Obama never needed to go searching for a coalition of the willing for Syria; one comes pre-assembled for him and has been knocking, in fact, at the door of the Oval Office for quite some time. Israel, Jordan, Kuwait, Qatar, Saudi Arabia, Turkey, and the United Arab Emirates, all see Syria as a grave short-term threat to their national security. Great Britain and France, both justly petrified of the return of radicalized militants to European soil, appear to glimpse at least a medium-term threat to their own borders. All will participate in a U.S.-led intervention, as has been made amply clear this week. And with four U.S. destroyers stationed in the Mediterranean -- and pock-marked runways in Damascus -- it is unlikely that Russia and Iran, neither of which share contiguous borders with Syria, can do much beyond scream and shout. Materially speaking, they’ve already done everything they can, and it’s led us to where we are now.

In the next few days and weeks, then, it is not just live images of explosions in Damascus that should consume the United States’ attention, but also to activity at the northern and southern borders of Syria. Are the rebels receiving adequate weapons and training? Are they gaining ground in the southern front? Has Idris stopped drafting open letters to the president begging him for more help than he’s yet received? The answers will indicate whether a coherent strategy is in play.

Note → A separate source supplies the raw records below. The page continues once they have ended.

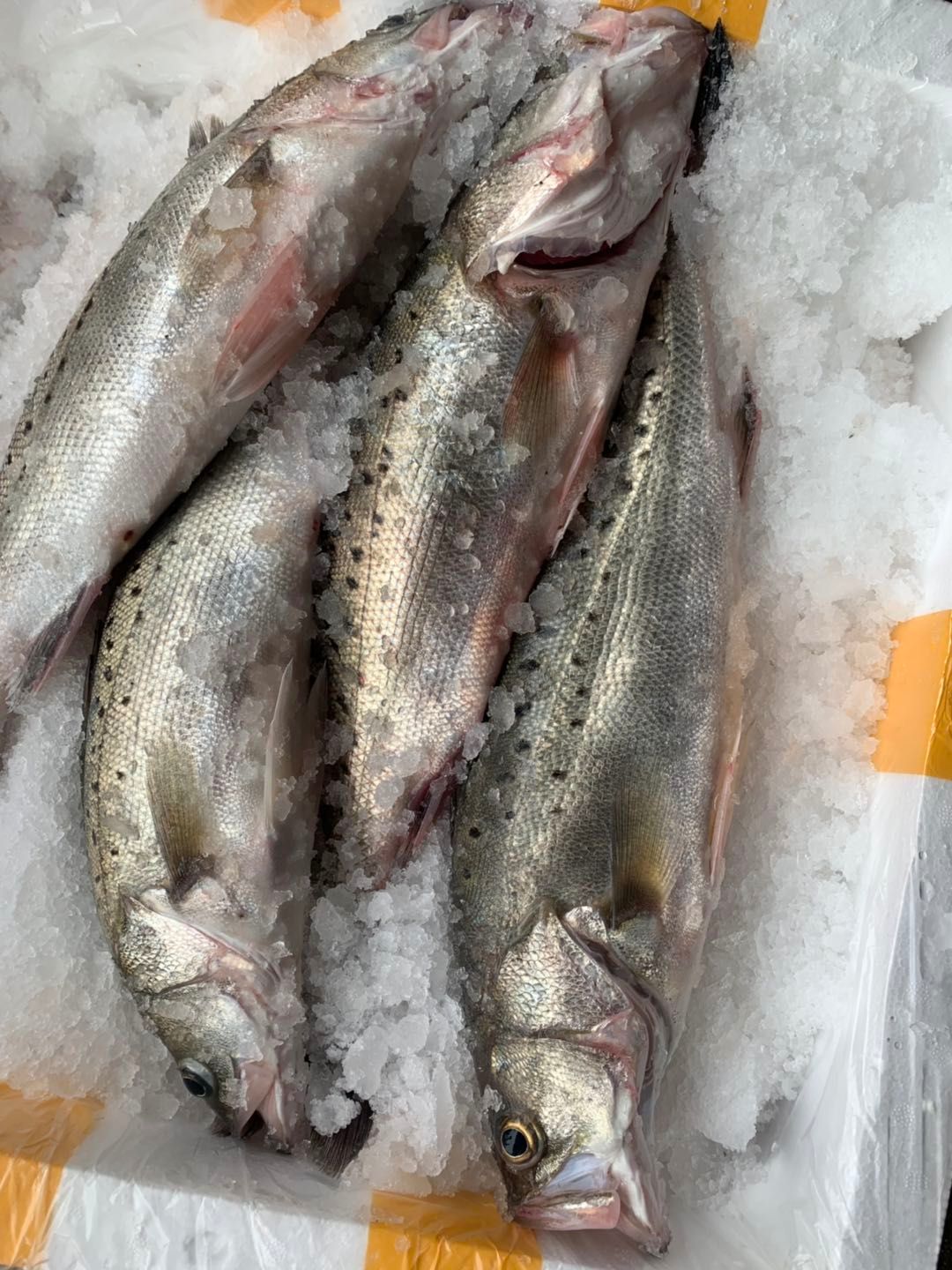 海鲈鱼 人工养殖 2.5-3公斤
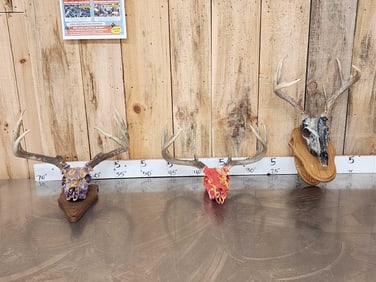 3 Sets Of Whitetail Antlers On Painted Skulls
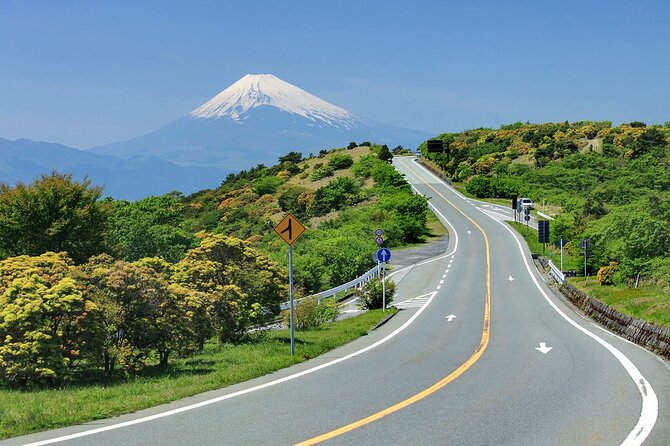 Private Full Day Tour of Izu Peninsula With Hotel Pickup - About the Izu Peninsula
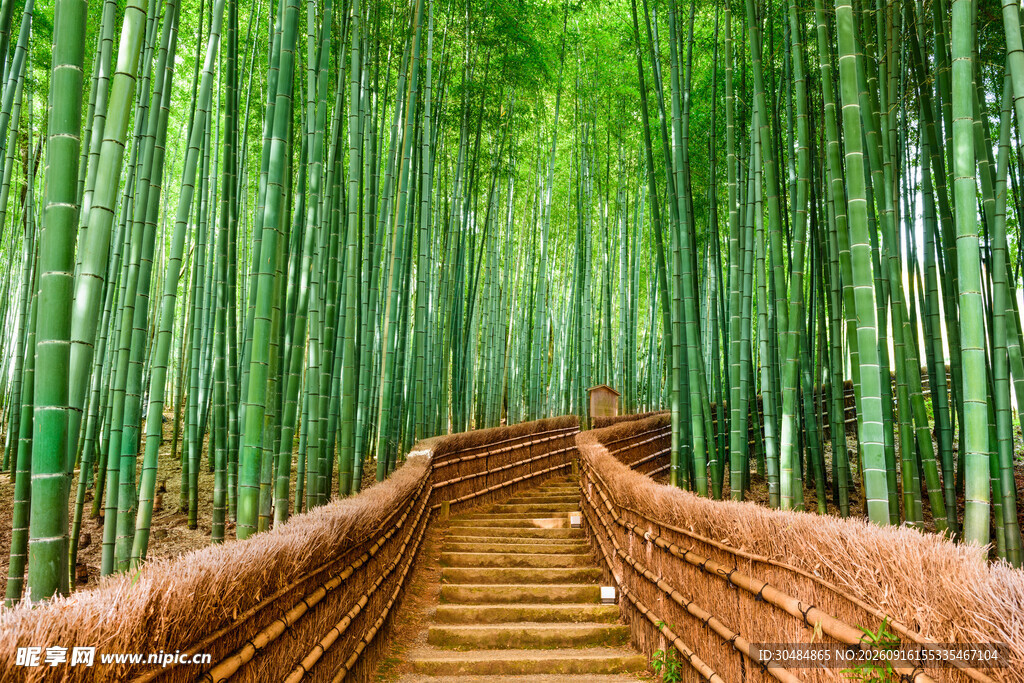 竹林中的木质步道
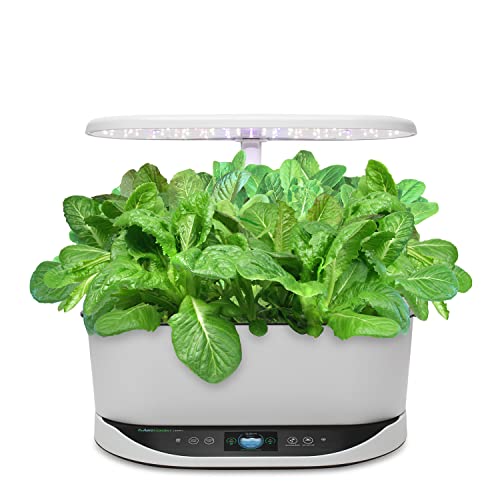 AeroGarden مجموعة بذور خس روماني مختلط من أيرو جاردن، أخضر، أحمر (9 بود)  - Image 3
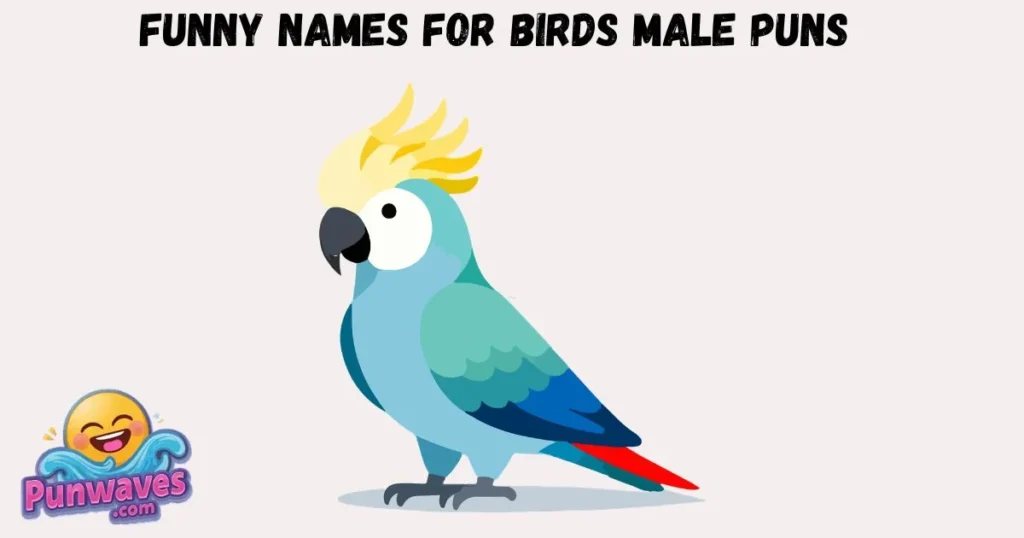 Funny Names For Birds Male Puns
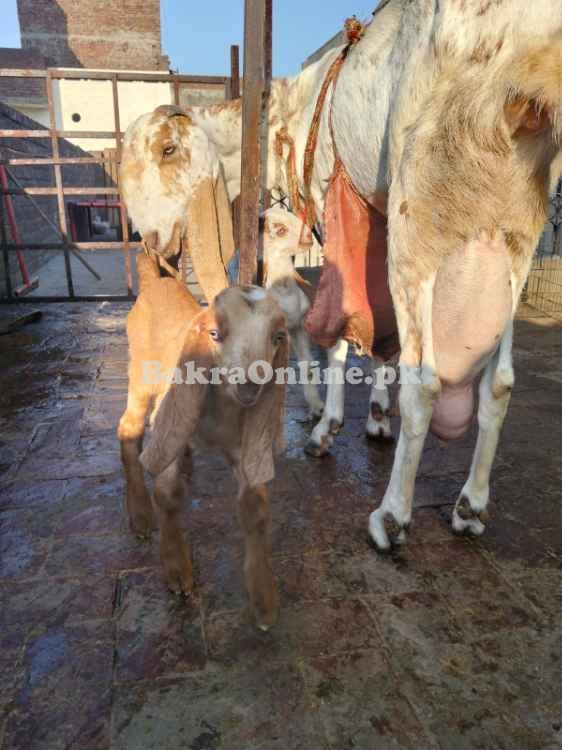 Beautiful Gulabi Bakra For Sale - Model Town
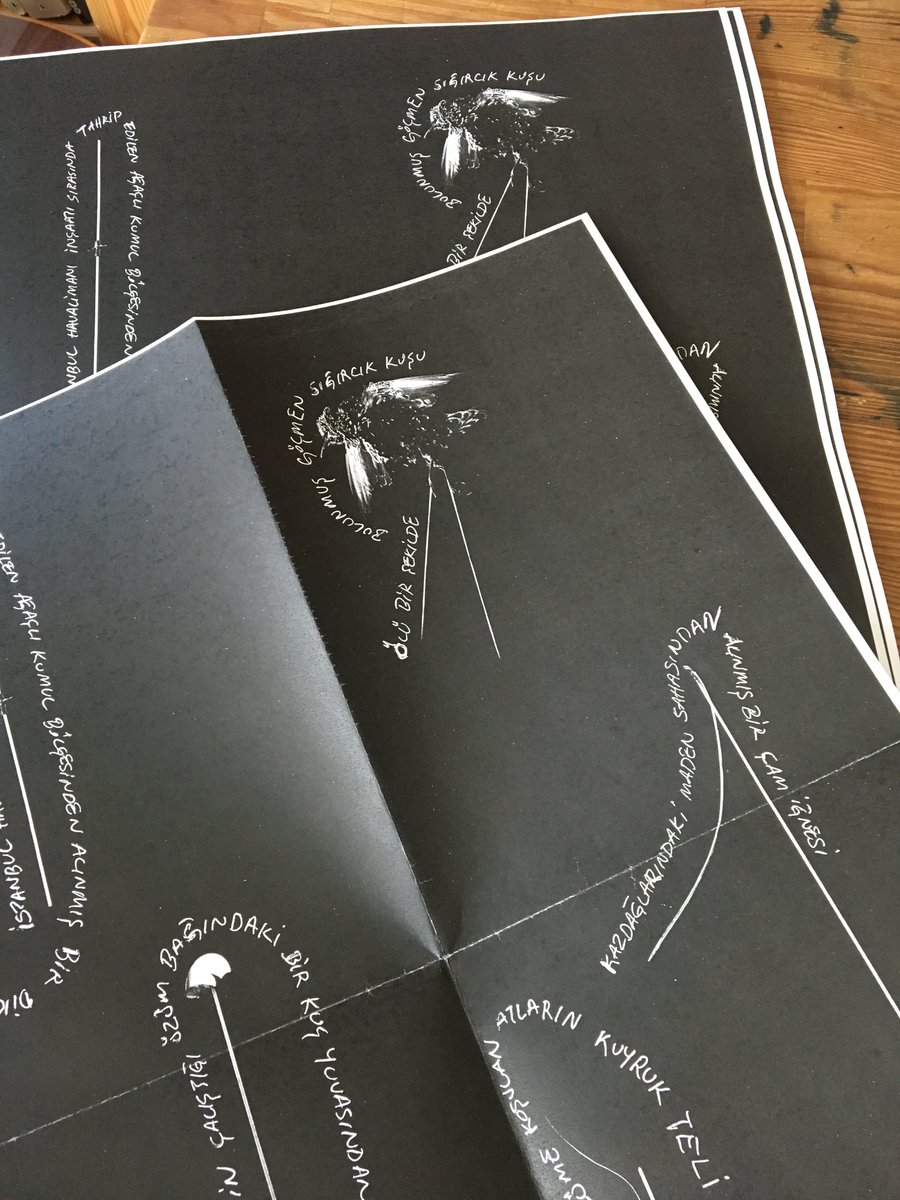 Anıl Olcan tweet media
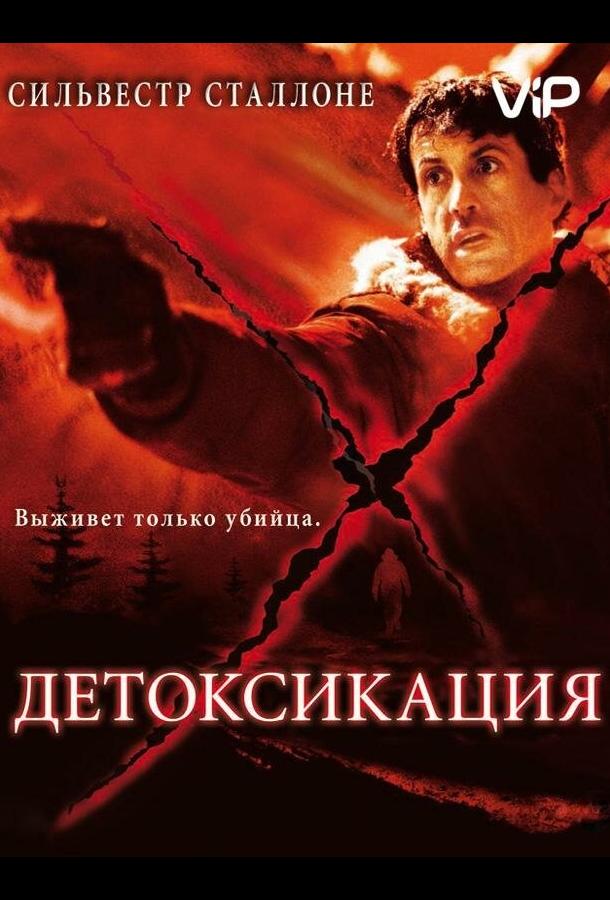 Детоксикация (2001)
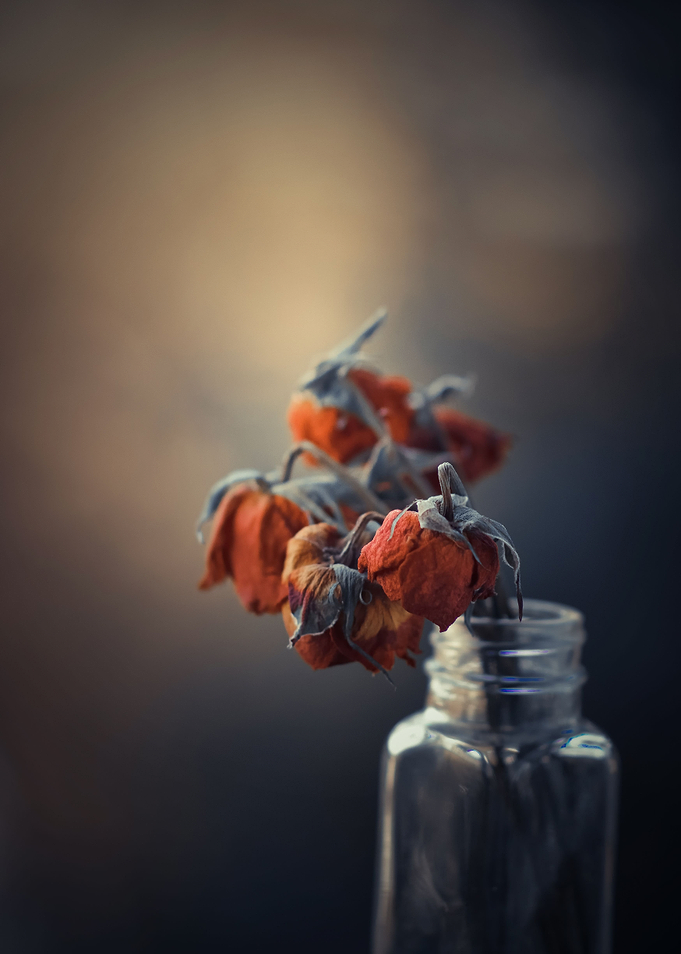 Dry flowers in a vase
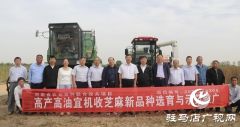 河南省农业良种联合攻关项目——宜机收芝麻在驻马店顺利收割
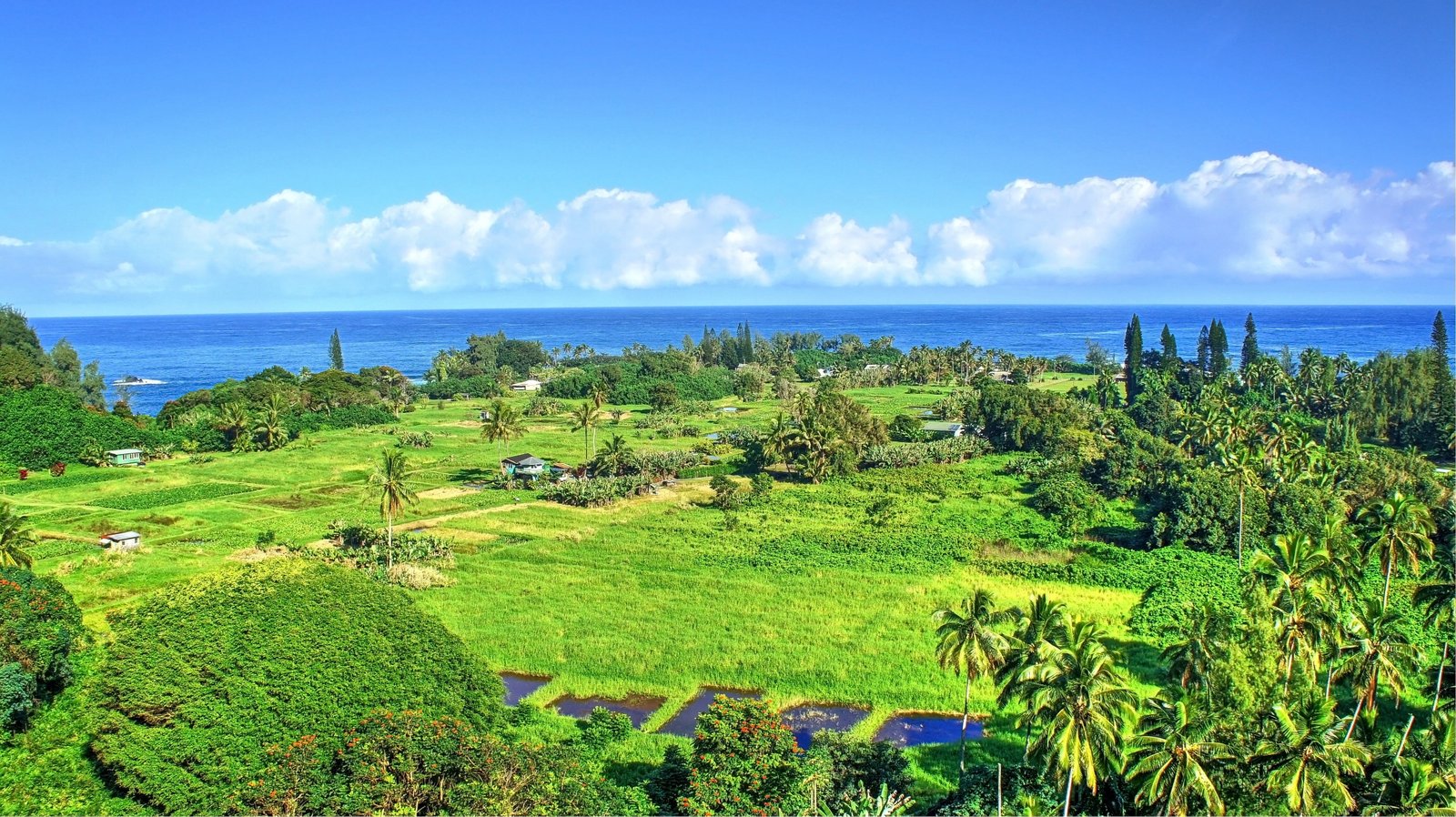 tropical water forest Hawaii isle of Maui palm trees 2k 4k 5k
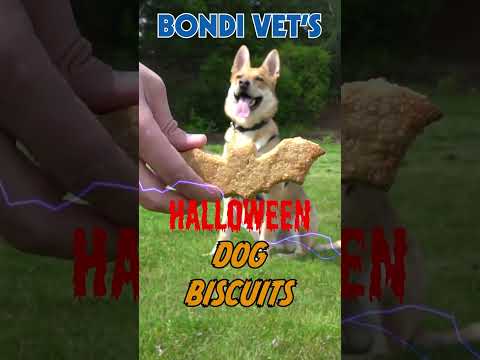 Video: Sušenky arašídové máslo pro psy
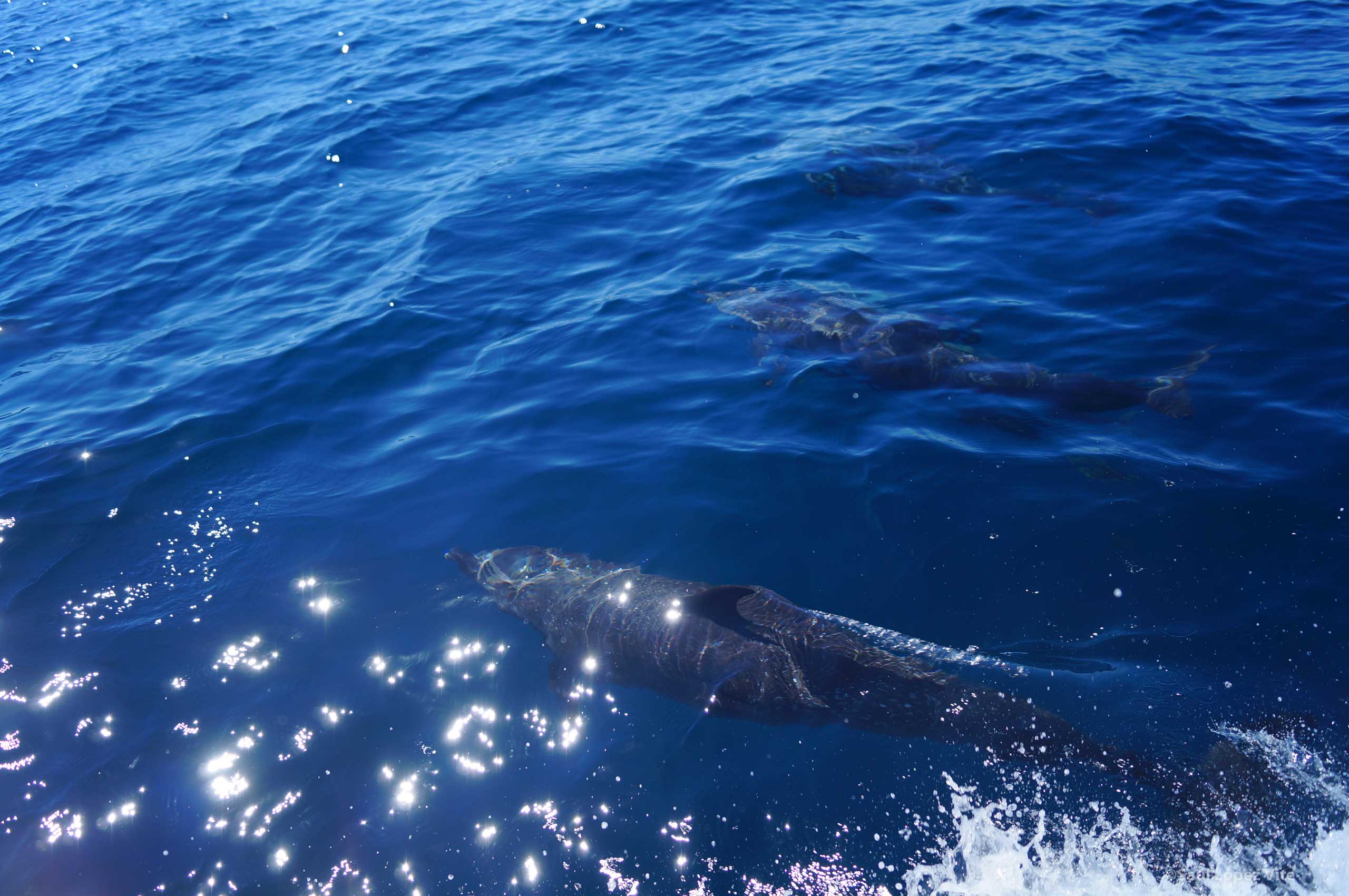 Grupo de buceo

Even so, it would be folly to have witnessed the shattering of previously held myths about Syria only to see the recrudescence of another: that a Syria with Assad in it will prove more stable and manageable than a Syria without him. Obama needs to start by recognizing how foolish and dangerous that assumption is. Two or three days’ worth of airstrikes that are not geared toward regime change would do little to prevent the emergence of a Congo on the Mediterranean. But they would guarantee that the United States will be returning to this conflict later, at time not of its own choosing.